### GIVEN ENTRIES
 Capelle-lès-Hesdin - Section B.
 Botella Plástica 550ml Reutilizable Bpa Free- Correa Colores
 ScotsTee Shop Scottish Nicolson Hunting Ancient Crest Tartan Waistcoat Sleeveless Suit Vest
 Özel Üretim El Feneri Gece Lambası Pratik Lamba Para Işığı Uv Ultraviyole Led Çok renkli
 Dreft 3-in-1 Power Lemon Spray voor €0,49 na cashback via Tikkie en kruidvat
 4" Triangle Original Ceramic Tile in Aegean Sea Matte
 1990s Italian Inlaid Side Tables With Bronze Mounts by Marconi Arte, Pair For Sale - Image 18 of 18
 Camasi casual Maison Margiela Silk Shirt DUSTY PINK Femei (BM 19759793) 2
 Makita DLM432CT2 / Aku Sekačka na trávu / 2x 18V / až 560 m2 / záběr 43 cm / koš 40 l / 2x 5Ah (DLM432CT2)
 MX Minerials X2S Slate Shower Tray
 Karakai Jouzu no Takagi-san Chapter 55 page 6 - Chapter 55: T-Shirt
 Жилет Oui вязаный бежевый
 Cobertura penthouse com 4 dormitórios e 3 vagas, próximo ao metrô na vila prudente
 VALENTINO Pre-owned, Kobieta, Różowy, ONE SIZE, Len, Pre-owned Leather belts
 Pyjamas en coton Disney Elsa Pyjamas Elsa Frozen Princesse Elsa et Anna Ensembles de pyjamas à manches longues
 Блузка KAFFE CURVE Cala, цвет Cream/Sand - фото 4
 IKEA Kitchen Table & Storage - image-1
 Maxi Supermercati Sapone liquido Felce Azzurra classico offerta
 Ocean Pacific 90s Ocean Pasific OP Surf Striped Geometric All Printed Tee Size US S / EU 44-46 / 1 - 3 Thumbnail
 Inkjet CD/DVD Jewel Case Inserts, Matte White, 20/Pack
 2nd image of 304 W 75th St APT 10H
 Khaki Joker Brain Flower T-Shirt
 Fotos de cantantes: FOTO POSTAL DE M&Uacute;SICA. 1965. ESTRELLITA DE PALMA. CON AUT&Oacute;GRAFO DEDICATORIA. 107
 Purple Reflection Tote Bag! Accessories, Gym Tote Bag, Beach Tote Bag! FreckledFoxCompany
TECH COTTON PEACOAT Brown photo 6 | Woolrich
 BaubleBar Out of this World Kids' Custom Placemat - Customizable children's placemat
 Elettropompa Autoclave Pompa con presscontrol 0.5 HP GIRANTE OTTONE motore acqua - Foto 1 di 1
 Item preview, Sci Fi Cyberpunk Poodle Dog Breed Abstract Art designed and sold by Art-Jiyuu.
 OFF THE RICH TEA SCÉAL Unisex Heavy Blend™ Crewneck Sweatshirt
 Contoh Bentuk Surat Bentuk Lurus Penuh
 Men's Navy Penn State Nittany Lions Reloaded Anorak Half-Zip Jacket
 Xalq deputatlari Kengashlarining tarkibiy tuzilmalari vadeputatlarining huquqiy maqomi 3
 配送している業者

### TASK REQUIREMENTS
Repeat nothing before the line containing "OFF THE RICH"; repeat that line and every later line of the listing exactly.

### SOLUTION TO THE EXERCISE
 OFF THE RICH TEA SCÉAL Unisex Heavy Blend™ Crewneck Sweatshirt
 Contoh Bentuk Surat Bentuk Lurus Penuh
 Men's Navy Penn State Nittany Lions Reloaded Anorak Half-Zip Jacket
 Xalq deputatlari Kengashlarining tarkibiy tuzilmalari vadeputatlarining huquqiy maqomi 3
 配送している業者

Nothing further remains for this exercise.